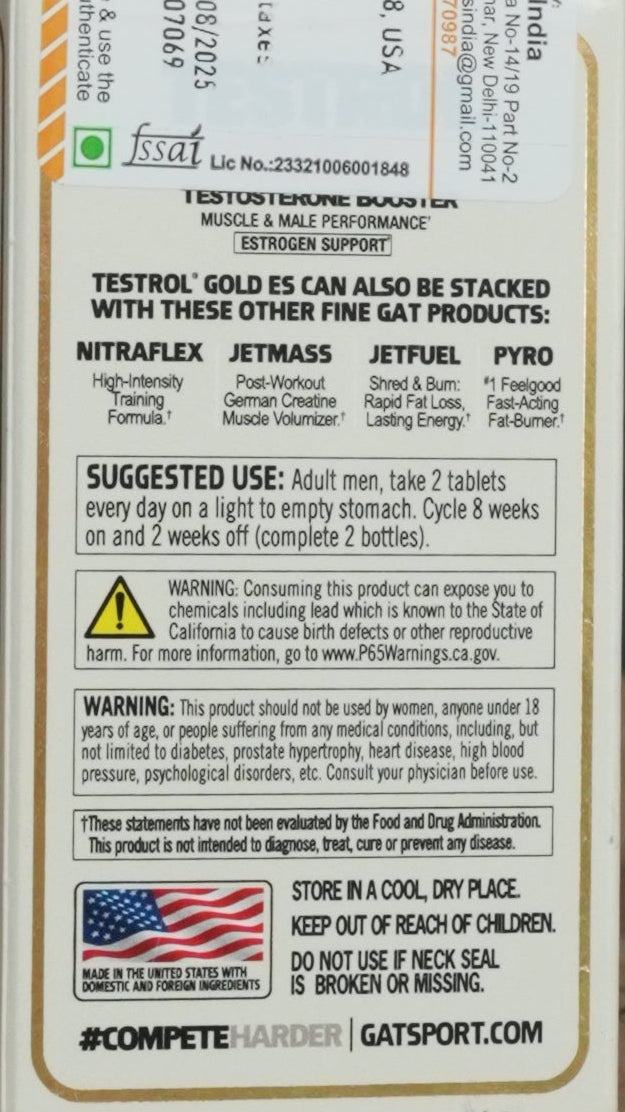 GAT Testrol Gold ES Testesterone Booster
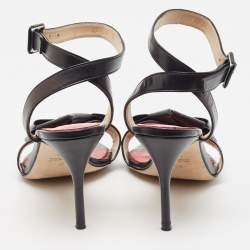 Carolina Herrera Black/Red Patent and Leather Bow Ankle Strap Sandals Size 39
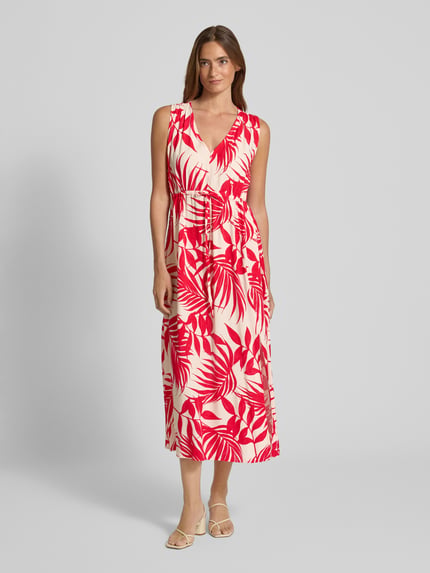 ZABAIONE Midi-jurk van viscose met V-hals Rood - 4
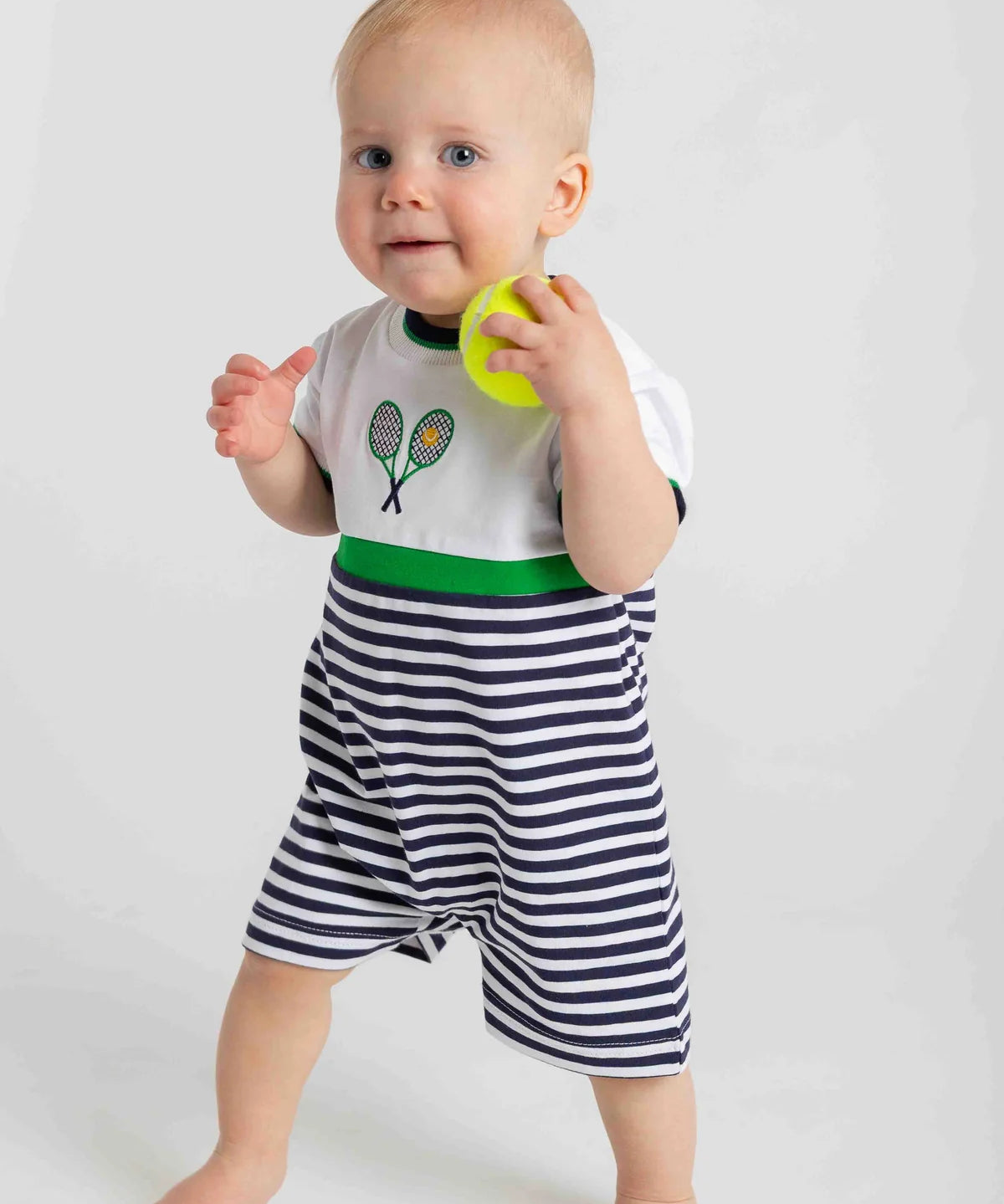 Stripe Knit Shortall With Tennis Rackets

============================================================

With the images omitted, repeat all the data word for word.

 GAT Testrol Gold ES Testesterone Booster
 Carolina Herrera Black/Red Patent and Leather Bow Ankle Strap Sandals Size 39
 ZABAIONE Midi-jurk van viscose met V-hals Rood - 4
 Stripe Knit Shortall With Tennis Rackets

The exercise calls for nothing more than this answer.